[Haskell-cafe] You are in a twisty maze of concurrency libraries, all different ...

Duncan Coutts duncan.coutts at googlemail.com
Fri Dec 4 10:38:38 EST 2009


On Fri, 2009-12-04 at 22:51 +1100, Patrick Caldon wrote:
> I'm looking for the "right" concurrency library/semantics for what 
> should be a reasonably simple problem.
> 
> I have a little simulator:
> 
> runWorldSim :: MTGen -> SimState -> IO SimState
> 
> it takes about a second to run on a PC. It's functional except it whacks 
> the rng, which needs IO.

Wait! This is not going to work!

You cannot use the MTGen from the mersenne-random in a concurrent IO
program because the C code uses a single global mutable RNG state. Your
"independent" simulations would not be independent and you would not get
reproducible results. Indeed you could get incorrect results or
segfaults because the C code does not expect to be called from multiple
threads simultaneously (there is no locking).

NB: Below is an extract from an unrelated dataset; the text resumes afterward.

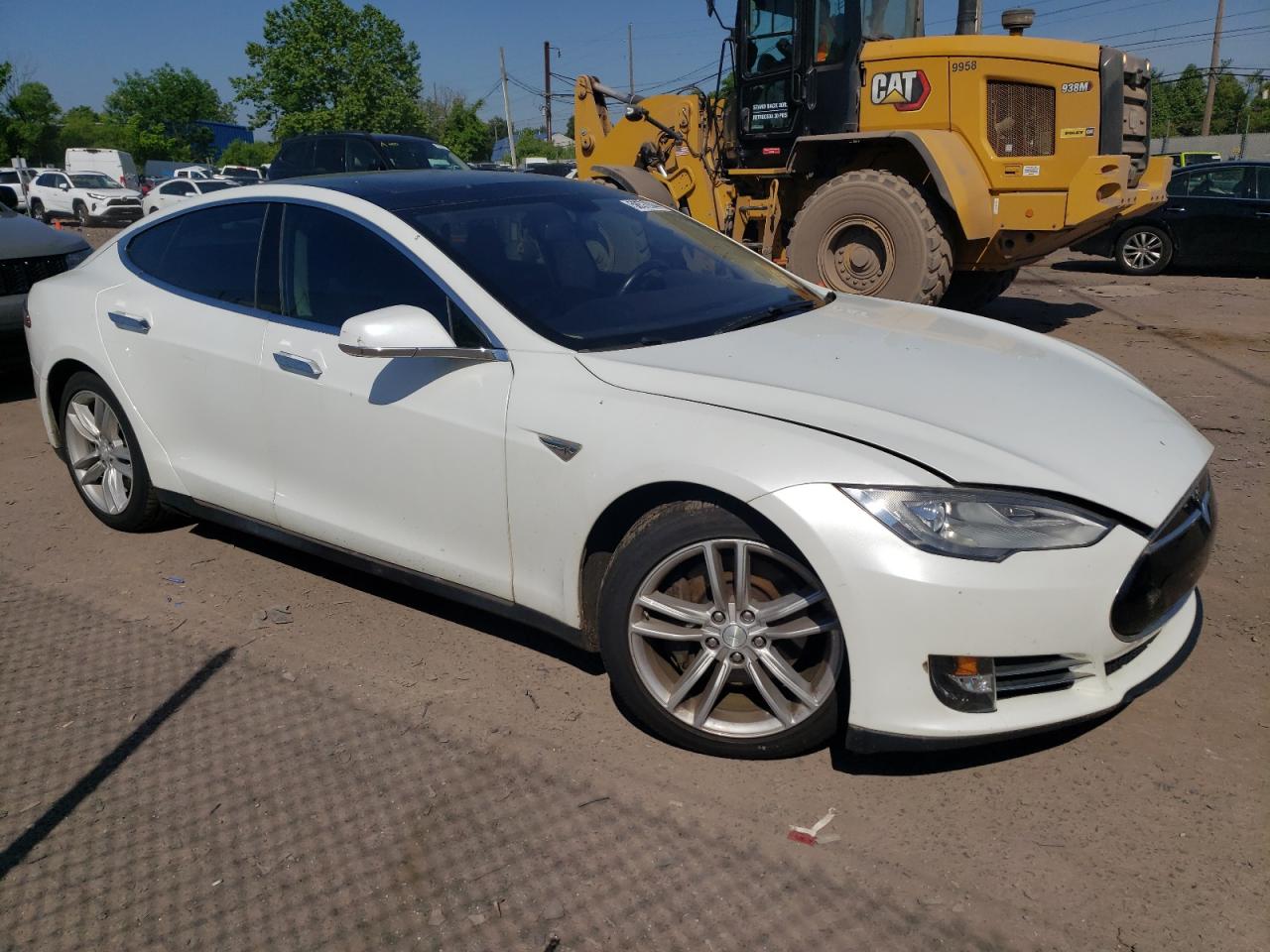 5YJSA1DP0DFP17881 2013 Tesla Model S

Personally I would attack this by eliminating the IO. There's no
justification for a random number generator being in IO. And look at the
problems it causes!

There are other MT implementations that do not use C code which assumes
it's ok to use one single global mutable RNG state for an entire
process. There are pure-Haskell MT impls that use mutable variables in
ST but give an overall pure lazy list of random numbers. If you don't
need MT specifically then there are other fast RNGs too.